А в кабинке Пекарская не спеша примеряла на себя творения дорогих портных. Она улыбнулась, глядя в зеркало. В нем отражалась стройная пожилая дама в легком светлом платье. На девятом десятке ее фигура стала сухощавой, у Анны опять был тот же размер, что в молодости. Словно и не случался многолетний перерыв на полноту и бедность.
Все-таки в ее возрасте красота – это заслуга. Анна представила себя молодой, на летнем ветерке, который нежно играет с шелковым подолом ее платья. Многие взволнованные взгляды замерли бы тогда на ней. А теперь будет просто красиво и немного грустно. И ничего с этим не поделаешь…
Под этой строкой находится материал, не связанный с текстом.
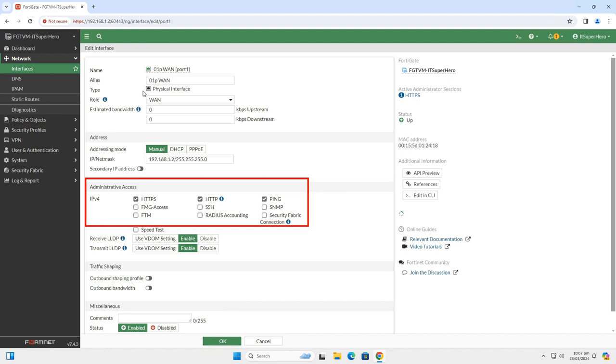Look at the Administrative Access. These are ways that you can access the device from the WAN interface. If you really need HTTPS or HTTP, or ping enabled on that interface, keep the relevant check enabled. Else disable any type of access that you don't need.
Пекарская вышла из примерочной, подошла к напряженно ожидавшим продавщицам. Она объявила, что берет оба платья.
– Вы правильно решили, – обрадовались девушки. – Они вам очень идут! И молодят.
Анна рассмеялась (что ж, когда-нибудь персонал бутиков станет вышколенным, всему нужно время).
Она понизила голос и доверительно сообщила им:
– Ничто так не старит женщину, как желание казаться молодой. Это Коко Шанель сказала. Но, думаю, девяностолетним она дала бы полную свободу.
Забрав пакет, в котором в шуршащей полупрозрачной бумаге лежали ее новые женские доспехи – легкие и прекрасные, как крылья тропической бабочки, Пекарская пошла к выходу.
Девушки с восхищением смотрели вслед необычной покупательнице.
– Крутая бабуля…
Несколько мужчин с цветами и дорогой кожаной папкой торжественно вошли в гримерку.
– Анна Георгиевна, позвольте представиться, мы из дворянского геральдического совета по возрождению элиты России.
Они принесли Пекарской титул баронессы. Сертификат находился в папке.
– Вот, все как положено – наш бланк, подписи пяти князей, печать, – сказал главный дворянин.
Прочитав, Пекарская спросила, как теперь к ней все обязаны обращаться.
– Ваша милость, – на полном серьезе ответили дворяне. Они совсем не походили на потомков Рюриковичей.
– Мой папа был простым актером, – сказала Анна, – дед – кузнецом. Вот они удивились бы! А что, титул графини мне совсем не подходит?
Рюриковичи оторопело поморгали.
– Про графиню мы не подумали. Уже на баронессу документы оформили…
– Ничего страшного, буду баронессой! Надо только своим в театре объявить, чтобы графиней меня больше не обзывали…
По прихоти судьбы новое здание ТОЗК располагалось теперь в перестроенной «Аркаде». От старых времен сохранился только купол – тот самый, под которым Пекарская летала на Луну. Этот обжитый лицедеями кусок московской земли давно стал ее домом. Она приходила сюда, даже когда не была занята в постановках. Если бы за службу здесь совсем ничего не платили, она бы все равно служила.